# Wine cooler for fruit flies



## Coqui (Jan 17, 2013)

Tried to find any info on storing FF in an operational wine cooler to provide optimal temps and did not find any. My dilemma is keeping the flies cool in the summer. The garage gets to 88 - 92 degrees in the summer. Warm In the winter the garage gets down to 60 degrees. I would open the wine cooler door once a day to provide some fresh air in. Any thoughts or suggestion. 
Thank you. 
Ps. I keep the FF warm in winter using heat pads.


----------



## Kas (Oct 6, 2013)

I set up FF cultures in a non-functioning wine cooler about 6 months ago. The cultures got very wet from excess moisture and many failed. Several people have tried it with success though. Guess it depends on the cultures and air-circulation. At what temps would you be able to maintain in the cooler?


----------



## Dendrobait (May 29, 2005)

Kas: Did you try mixing the media drier? I have a bug fridge and have had great success with it...though it does smell rather ripe-I think I left an old culture in their and the smell is stuck to something... It was supposed to be for making bugs unobvious but I'm not sure how to clear out the smell(maybe some of those deodorizing rocks?)


----------



## bsr8129 (Sep 23, 2010)

I use a wine cooler for my bugs and simple way to keep it cool in the summer is place a bottle of frozen water in there it will drop the Temps into the 70s. My garage can get into the 100s during the summer. I never had issues with cultures drying out or getting to wet


----------



## Coqui (Jan 17, 2013)

Kas, the cooler states it's able to be set between 39 to 71 degrees.


----------



## mongo77 (Apr 28, 2008)

During the winter I just put the cultures on top of my Vivs near the lights to keep them warmer.


----------



## SDK (Aug 11, 2014)

mongo77 said:


> During the winter I just put the cultures on top of my Vivs near the lights to keep them warmer.


A variation of this is to add a shelf. 

Attach it to the wall over the viv so that it is directly over the lights. The brackets with adjustable slots are ideal as you can play with the shelf height to get the right temp.
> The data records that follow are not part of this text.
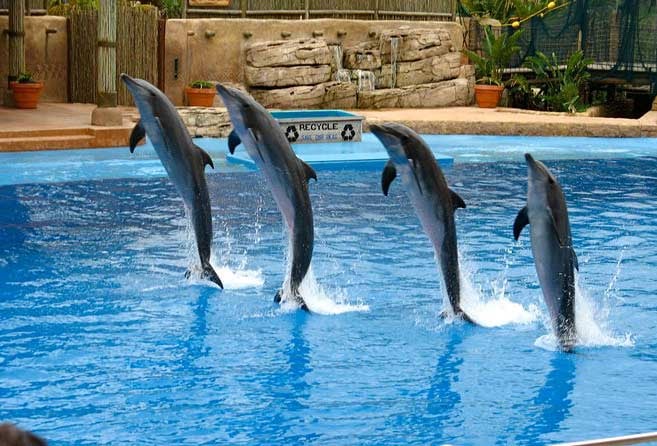 Exciting Dolphinarium Park In Dubai Creek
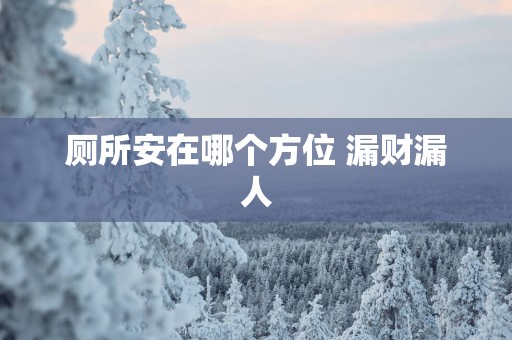 厕所安在哪个方位 漏财漏人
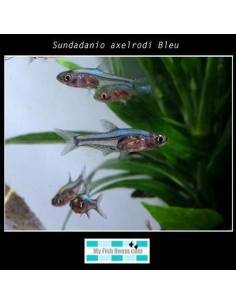 Sundadanio axelrodi Bleu
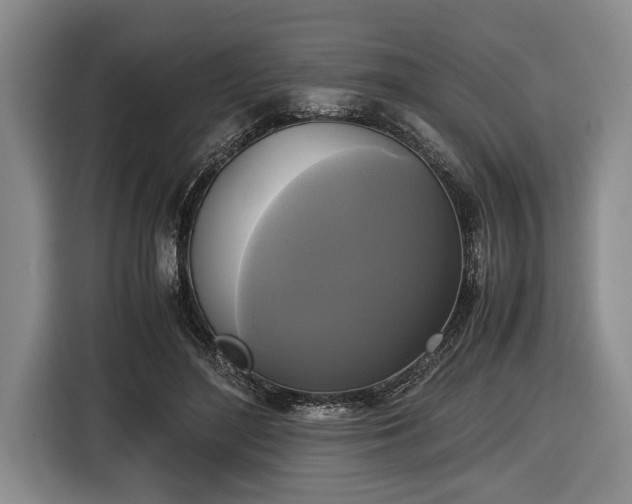 X0000116420500200912151001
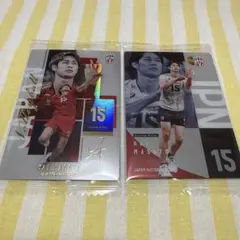 男子バレー ウエハース 甲斐
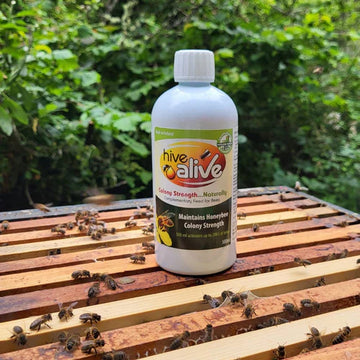 Food, nutrition and making sure your bees are strong and healthy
I did this over an aquarium for my male bettas. The shelf was about 10" above a dual bulb T5 strip and everything up there held steady at about 75 degrees in the winter....


----------



## Kas (Oct 6, 2013)

Yes, I did try mixing the culture drier but they still "sweat" and stunk. A small fan probably would have helped. So the cultures are back on a shelf where they can be monitored closely. Good luck with your wine cooler.


----------



## Coqui (Jan 17, 2013)

Guys interesting posts, but anyone out use a wine cooler (working) as a almost like incubator to monitor the temps in the summer and winter. Storing FF on viv would not work for me, it's in the living room. I'm wondering if there's enough air in the cooler and if anyone come across any other issues before I buy a cooler. 
Thanks


----------



## mongo77 (Apr 28, 2008)

Not sure if a wine cooker would bring your temps up in the winter. They mainly just cool not heat when your room is 50


----------



## bsr8129 (Sep 23, 2010)

Mine is a functioning one and use the temp gages in it to monitor Temps but I disconnected the cooler of it since I think 71 is a little too cool for flies. I like to keep mine mid 70s


----------



## Coqui (Jan 17, 2013)

Thank you, guys
Maybe I can find one that maintains a set temperture by providing heat and cooling.


----------